One of the interesting things about the actions that state governments are currently undertaking is the degree to which they rely on people having faith in them. For instance when Governor Inslee says "that health modeling will play a role in guiding decisions about lifting Washington's current emergency restrictions," there's no detail on what that actually means. What the models need to show, and for how long, et cetera is effectively a mystery.

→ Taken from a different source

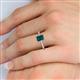 5 - Silvia Desire 6x4 mm Emerald Cut London Blue Topaz and Round Diamond Engagement Ring 
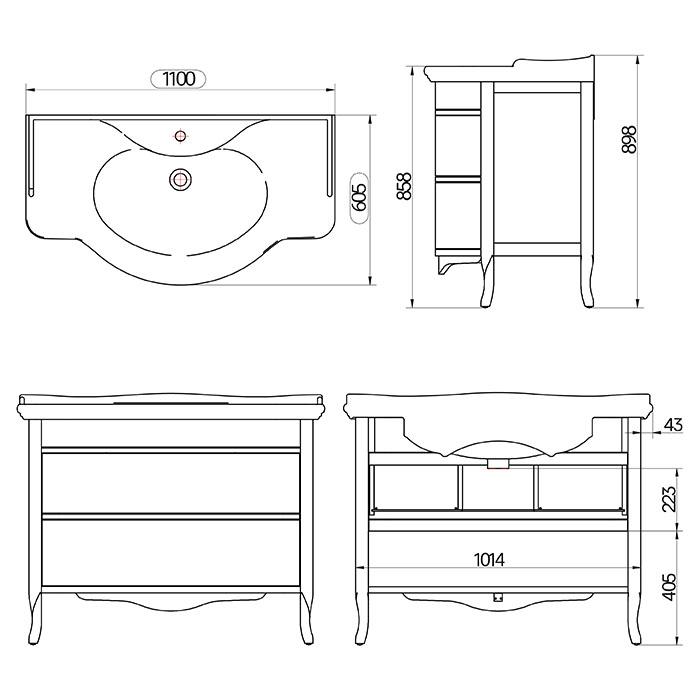 Комплект мебели TW Armony Nuovo ARM2110-B+GIU200110/ALZA bi*1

So what remains to be seen is how well governments can maintain, live up to and potentially repay faith that is placed in them. The partisan aspect to this is already in play. While it would be a stretch (or simply inaccurate) to say that everyone who shows a certain level of suspicion in Governor Inslee is a Republican, or that all Republicans distrust him, the partisan divide is making itself know. And so is a general distrust of government. Conspiracy theories were rife from the start, but now there are more voices claiming that the "emergency restrictions" are simply a power grab, and concerns that today's emergency measures are tomorrow's status quo have been borne out time and again.

Former Washington Attorney General Rob McKenna believes that governors have clear discretion to suspend the Constitutional rights of the public in cases "where the need is significant enough; when there's is a dire threat to the public." What tends to be lacking is any objective measures of significance of need or direness of threat; and for many people, this lack of objectivity is effectively a giant loophole. How does a government convince people that it will only use broad discretion in ways that a person finds appropriate?

In the end, it's unlikely that there will ever be enough generally-available information to adequately assess whether the response was justified by the situation. In the absence of controlled experimentation or broad differences in otherwise similar situations, this is usually the case. Therefore, this is going to remain a matter of faith, and thus if argument, as faith rarely provide the facts that a neutral starting place for a debate needs.